WHAT THE EXERCISE ASKS: Give back, word for word, the lines in the listing below from the one holding "NWOT CLARKS Black" down to the one holding "MAREA LIPARI (Lipari)", both ends included.

MATERIALS PROVIDED:
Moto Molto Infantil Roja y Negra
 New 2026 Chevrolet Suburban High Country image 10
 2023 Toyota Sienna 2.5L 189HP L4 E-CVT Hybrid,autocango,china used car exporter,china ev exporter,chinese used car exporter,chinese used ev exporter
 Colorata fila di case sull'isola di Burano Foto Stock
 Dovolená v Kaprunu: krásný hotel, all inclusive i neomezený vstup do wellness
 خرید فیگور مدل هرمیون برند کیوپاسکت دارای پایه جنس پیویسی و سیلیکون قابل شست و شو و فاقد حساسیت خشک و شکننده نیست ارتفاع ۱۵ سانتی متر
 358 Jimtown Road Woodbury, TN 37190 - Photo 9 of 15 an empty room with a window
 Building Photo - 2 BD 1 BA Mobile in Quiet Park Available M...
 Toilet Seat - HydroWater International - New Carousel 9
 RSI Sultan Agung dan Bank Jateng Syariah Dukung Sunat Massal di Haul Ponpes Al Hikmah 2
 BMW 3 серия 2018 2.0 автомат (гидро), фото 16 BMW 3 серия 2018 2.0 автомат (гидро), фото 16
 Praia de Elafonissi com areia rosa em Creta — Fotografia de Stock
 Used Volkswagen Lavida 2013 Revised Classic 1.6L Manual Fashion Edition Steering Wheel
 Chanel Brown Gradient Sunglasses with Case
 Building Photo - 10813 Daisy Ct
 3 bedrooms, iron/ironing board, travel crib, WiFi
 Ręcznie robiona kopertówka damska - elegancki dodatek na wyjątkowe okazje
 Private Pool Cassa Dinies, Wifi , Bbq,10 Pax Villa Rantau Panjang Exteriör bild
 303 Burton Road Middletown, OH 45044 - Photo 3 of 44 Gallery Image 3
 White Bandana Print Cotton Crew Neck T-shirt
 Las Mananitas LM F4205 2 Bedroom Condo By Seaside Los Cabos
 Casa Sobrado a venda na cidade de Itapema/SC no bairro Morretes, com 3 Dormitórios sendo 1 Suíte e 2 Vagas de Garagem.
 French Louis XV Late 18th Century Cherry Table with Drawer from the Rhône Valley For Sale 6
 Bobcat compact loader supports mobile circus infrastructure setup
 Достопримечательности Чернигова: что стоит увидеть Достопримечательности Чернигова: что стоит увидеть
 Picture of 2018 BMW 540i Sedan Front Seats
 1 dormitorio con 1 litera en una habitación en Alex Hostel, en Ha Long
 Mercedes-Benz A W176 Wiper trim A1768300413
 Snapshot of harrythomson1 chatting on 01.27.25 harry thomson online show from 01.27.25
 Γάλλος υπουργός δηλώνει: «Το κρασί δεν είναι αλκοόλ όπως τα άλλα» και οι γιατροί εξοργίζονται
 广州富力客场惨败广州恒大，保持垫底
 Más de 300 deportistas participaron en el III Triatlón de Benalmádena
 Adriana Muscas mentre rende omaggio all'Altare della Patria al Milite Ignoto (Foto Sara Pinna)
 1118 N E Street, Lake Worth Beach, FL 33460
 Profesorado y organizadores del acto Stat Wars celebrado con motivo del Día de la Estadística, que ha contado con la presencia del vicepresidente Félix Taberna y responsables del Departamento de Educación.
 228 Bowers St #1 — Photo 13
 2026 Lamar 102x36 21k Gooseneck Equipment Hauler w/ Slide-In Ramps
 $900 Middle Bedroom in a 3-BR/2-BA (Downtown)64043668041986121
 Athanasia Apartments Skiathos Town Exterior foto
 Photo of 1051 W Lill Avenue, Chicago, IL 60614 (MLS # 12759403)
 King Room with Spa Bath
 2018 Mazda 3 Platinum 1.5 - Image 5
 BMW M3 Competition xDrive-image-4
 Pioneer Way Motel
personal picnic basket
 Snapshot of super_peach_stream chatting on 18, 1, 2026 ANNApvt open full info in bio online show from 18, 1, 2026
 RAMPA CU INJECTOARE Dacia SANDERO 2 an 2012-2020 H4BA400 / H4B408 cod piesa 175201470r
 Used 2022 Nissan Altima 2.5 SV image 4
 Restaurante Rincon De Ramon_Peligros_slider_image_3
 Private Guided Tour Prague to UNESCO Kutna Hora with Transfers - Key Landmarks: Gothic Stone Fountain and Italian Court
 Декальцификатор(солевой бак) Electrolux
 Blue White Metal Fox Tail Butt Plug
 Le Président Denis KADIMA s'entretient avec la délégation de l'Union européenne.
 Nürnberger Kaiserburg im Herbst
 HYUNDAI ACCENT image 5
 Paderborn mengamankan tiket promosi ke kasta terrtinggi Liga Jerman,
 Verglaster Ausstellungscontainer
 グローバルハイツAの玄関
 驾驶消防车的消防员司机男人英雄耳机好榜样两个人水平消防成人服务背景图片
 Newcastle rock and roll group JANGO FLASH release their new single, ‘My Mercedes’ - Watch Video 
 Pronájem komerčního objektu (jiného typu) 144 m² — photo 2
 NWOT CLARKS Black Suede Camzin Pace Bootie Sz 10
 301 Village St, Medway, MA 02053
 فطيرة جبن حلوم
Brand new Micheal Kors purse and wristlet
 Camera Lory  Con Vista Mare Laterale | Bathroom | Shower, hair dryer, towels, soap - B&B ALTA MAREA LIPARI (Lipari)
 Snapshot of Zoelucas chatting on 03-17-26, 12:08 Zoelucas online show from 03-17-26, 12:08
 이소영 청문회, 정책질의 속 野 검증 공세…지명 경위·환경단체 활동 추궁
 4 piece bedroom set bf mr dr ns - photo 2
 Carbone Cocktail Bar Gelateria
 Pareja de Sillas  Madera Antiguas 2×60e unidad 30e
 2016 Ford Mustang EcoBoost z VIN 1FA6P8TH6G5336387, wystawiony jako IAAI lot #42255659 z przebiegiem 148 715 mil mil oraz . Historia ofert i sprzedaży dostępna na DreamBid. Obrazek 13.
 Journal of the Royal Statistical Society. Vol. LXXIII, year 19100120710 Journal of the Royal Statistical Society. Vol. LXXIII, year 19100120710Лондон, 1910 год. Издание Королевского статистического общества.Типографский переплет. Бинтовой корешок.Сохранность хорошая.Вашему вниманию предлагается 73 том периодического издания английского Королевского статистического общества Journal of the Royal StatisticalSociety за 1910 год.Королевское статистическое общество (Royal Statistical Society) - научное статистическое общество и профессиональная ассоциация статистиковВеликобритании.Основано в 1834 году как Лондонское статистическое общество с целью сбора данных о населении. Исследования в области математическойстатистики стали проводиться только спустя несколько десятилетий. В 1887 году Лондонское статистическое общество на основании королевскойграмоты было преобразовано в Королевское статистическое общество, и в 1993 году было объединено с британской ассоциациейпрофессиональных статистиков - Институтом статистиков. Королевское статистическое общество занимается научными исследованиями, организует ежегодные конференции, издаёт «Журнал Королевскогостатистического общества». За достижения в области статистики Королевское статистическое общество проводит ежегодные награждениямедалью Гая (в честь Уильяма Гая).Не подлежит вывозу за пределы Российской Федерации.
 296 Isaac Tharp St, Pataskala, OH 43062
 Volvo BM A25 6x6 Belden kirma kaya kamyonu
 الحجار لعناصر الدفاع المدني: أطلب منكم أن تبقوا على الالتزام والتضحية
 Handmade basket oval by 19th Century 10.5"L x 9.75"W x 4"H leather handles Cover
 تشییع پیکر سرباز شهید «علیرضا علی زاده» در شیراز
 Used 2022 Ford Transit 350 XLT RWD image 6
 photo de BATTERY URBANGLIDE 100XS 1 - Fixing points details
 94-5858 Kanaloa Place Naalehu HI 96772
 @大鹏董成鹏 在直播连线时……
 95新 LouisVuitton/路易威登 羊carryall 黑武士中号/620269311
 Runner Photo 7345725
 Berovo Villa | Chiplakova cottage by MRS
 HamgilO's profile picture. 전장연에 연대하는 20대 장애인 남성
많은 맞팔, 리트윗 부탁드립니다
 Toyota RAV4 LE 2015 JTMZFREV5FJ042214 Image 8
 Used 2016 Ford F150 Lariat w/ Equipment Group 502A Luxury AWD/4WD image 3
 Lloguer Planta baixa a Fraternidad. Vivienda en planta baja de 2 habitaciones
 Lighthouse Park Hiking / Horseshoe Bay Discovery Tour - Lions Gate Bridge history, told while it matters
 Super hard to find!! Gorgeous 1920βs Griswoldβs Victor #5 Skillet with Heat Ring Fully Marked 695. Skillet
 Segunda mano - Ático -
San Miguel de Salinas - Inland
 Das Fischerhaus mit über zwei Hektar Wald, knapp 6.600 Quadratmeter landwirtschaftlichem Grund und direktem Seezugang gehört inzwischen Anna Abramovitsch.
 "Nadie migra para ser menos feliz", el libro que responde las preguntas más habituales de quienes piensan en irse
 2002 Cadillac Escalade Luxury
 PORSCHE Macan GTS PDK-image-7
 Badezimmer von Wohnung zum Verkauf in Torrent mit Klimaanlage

RESPONSE TO THIS TASK:
 NWOT CLARKS Black Suede Camzin Pace Bootie Sz 10
 301 Village St, Medway, MA 02053
 فطيرة جبن حلوم
Brand new Micheal Kors purse and wristlet
 Camera Lory  Con Vista Mare Laterale | Bathroom | Shower, hair dryer, towels, soap - B&B ALTA MAREA LIPARI (Lipari)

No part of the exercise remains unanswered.